Monday, August 23, 2010

Dear jesse ... Peek

3/27 - Peek

Dear Jesse -

In addition to jealousy, anger, and shame, I think that doubt ranks up there as one of the most intrusive feelings. It takes over like Georgia kudzu. It is overwhelming, and has the power to shatter confidence like a mirror, sending you back to start. It makes you stand back, cower and cringe, “what if?” You feel invisible, intimidated, vulnerable, and you search your mind for safety, tiptoeing around what may be your rabbit hole; your unorthodox path to your answer to “who am I?” Certainly the path to safety has soft, green grass, blue skies, health insurance and a 401 K plan attached to it, but if a walk in the park is not all you are searching for in this lifetime, and if there is something else that you feel you are to contribute to mankind, then the tiptoe will leave you ungratified.

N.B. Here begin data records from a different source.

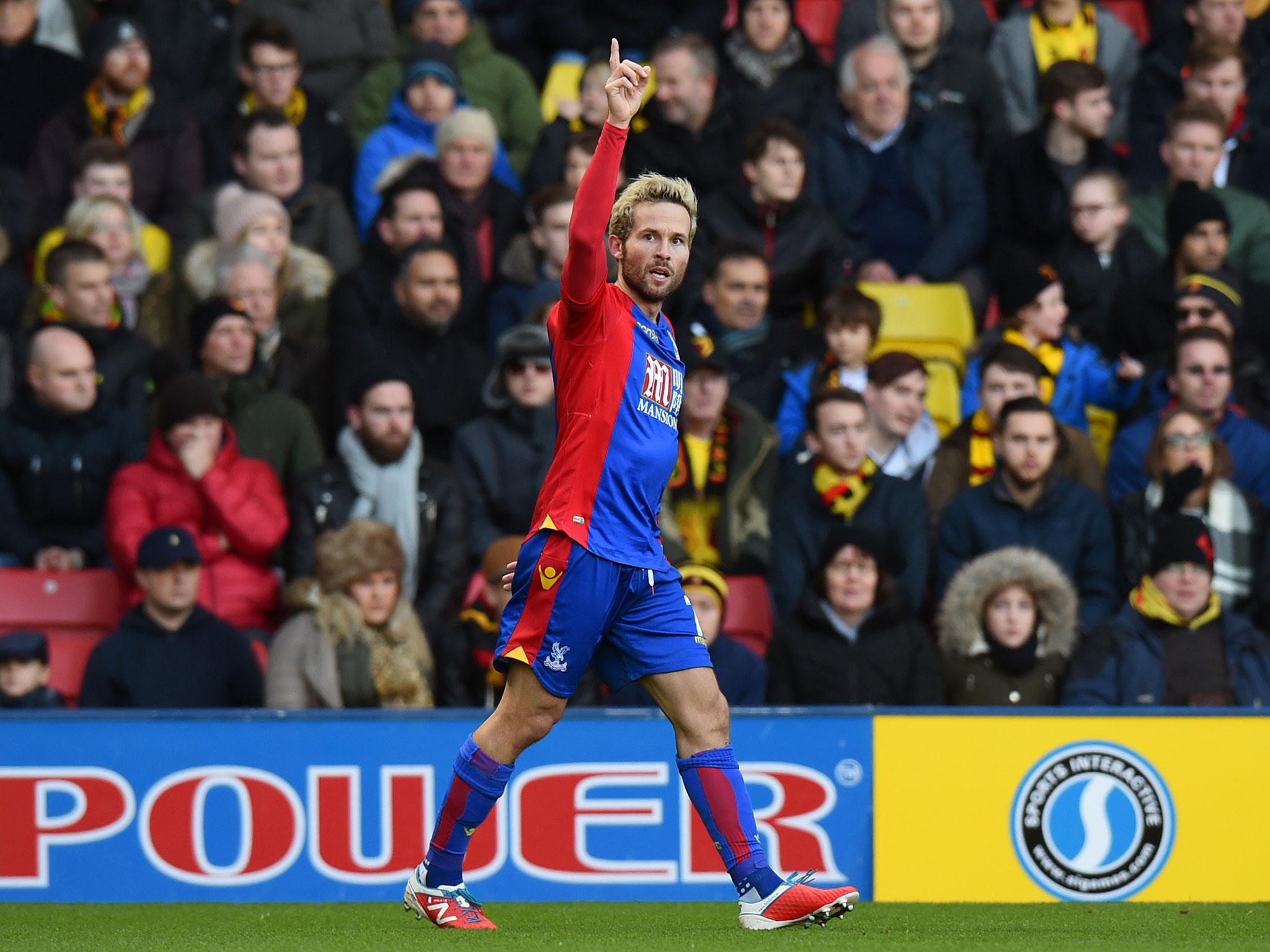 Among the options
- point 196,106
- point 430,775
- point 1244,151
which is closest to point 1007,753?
point 430,775

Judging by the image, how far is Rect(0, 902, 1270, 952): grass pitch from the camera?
5484mm

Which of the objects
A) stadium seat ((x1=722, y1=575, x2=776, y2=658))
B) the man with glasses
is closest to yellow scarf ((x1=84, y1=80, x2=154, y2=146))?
stadium seat ((x1=722, y1=575, x2=776, y2=658))

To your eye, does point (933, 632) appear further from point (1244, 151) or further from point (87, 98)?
point (87, 98)

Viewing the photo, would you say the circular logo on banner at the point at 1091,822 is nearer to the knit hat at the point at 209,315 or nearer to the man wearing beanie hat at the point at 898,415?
the man wearing beanie hat at the point at 898,415

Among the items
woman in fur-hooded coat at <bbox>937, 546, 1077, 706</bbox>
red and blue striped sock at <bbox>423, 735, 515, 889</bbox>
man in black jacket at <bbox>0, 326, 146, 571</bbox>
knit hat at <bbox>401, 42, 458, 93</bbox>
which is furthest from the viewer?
knit hat at <bbox>401, 42, 458, 93</bbox>

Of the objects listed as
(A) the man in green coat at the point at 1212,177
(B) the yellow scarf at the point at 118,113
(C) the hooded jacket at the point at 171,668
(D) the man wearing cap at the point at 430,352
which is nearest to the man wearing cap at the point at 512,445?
(D) the man wearing cap at the point at 430,352

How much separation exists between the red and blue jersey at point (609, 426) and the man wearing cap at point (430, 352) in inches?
176

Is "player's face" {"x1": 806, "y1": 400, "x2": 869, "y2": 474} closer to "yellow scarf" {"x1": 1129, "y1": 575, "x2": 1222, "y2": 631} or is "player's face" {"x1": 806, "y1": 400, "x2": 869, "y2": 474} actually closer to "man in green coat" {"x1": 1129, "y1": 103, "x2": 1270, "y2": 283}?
"yellow scarf" {"x1": 1129, "y1": 575, "x2": 1222, "y2": 631}

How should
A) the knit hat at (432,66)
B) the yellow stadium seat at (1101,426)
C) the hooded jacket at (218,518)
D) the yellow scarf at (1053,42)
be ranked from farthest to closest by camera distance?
1. the yellow scarf at (1053,42)
2. the knit hat at (432,66)
3. the yellow stadium seat at (1101,426)
4. the hooded jacket at (218,518)

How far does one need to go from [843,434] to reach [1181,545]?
1.57m

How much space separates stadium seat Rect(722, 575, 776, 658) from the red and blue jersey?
3676mm

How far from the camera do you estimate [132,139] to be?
11.6m

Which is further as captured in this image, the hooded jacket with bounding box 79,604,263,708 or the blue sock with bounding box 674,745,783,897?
the hooded jacket with bounding box 79,604,263,708

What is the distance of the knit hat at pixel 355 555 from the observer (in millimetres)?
8530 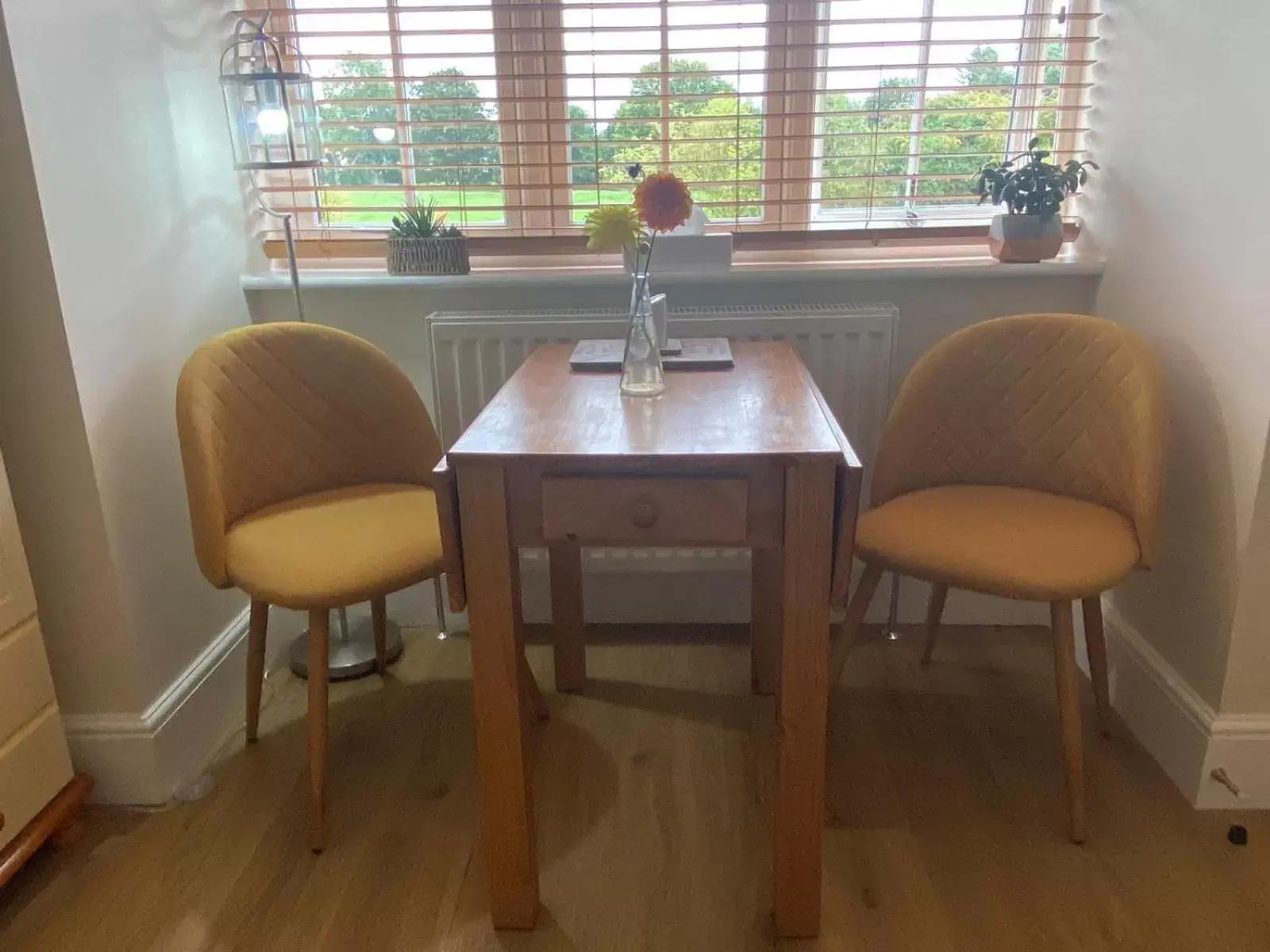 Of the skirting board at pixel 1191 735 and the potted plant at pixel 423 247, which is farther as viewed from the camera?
the potted plant at pixel 423 247

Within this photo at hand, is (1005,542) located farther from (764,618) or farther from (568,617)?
(568,617)

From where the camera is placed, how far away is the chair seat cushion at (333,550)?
151 cm

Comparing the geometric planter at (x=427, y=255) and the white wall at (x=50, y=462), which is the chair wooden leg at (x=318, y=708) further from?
the geometric planter at (x=427, y=255)

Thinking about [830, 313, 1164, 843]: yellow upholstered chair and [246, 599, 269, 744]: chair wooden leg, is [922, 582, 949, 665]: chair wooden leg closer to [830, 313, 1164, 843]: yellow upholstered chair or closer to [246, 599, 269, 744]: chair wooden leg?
[830, 313, 1164, 843]: yellow upholstered chair

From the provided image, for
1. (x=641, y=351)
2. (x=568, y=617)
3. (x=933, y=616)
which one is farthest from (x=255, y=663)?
(x=933, y=616)

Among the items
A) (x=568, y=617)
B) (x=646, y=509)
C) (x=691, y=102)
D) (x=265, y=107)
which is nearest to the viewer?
(x=646, y=509)

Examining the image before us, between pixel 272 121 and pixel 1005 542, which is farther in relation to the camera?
pixel 272 121

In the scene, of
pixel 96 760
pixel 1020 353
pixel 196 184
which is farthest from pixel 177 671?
pixel 1020 353

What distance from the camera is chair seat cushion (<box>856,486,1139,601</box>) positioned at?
1.48 m

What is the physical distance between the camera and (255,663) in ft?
5.80

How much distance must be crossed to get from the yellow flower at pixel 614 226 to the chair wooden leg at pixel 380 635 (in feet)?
3.13

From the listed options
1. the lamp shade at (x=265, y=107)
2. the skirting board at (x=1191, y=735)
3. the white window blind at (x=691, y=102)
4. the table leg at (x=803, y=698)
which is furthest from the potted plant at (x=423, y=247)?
the skirting board at (x=1191, y=735)

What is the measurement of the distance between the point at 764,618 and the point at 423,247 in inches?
42.5

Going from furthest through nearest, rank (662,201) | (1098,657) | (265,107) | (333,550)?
(265,107), (1098,657), (333,550), (662,201) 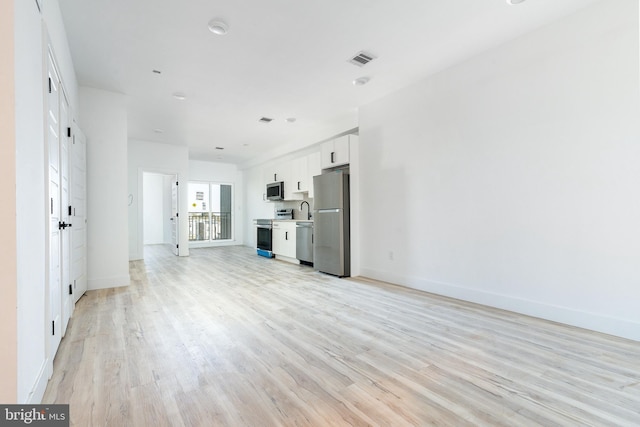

The most interesting things are found at the end of a lonely road. As long as you hold onto your vision, you wont be afraid of the dark. You wont even need a flashlight; your passion will illuminate the path like moonlight, just wear good shoes to avoid overturned ankles.

I have made some very rash decisions in my almost three-decade existence, so I completely understand my mother’s worry when I announce that “I am not going back to teaching. No way. It is not for me. I want to write. Teaching is a career, and I want writing to be my career. I love it, and I want to mix business with pleasure. The world of education is too confining for me.” My mother just looks at the safety aspect of it;
“Ana . . . how can I put this. You’ve got issues! Teaching is such a great package! Health care. You’ve got prescriptions, and psychiatrists ...how are you going to afford health coverage?”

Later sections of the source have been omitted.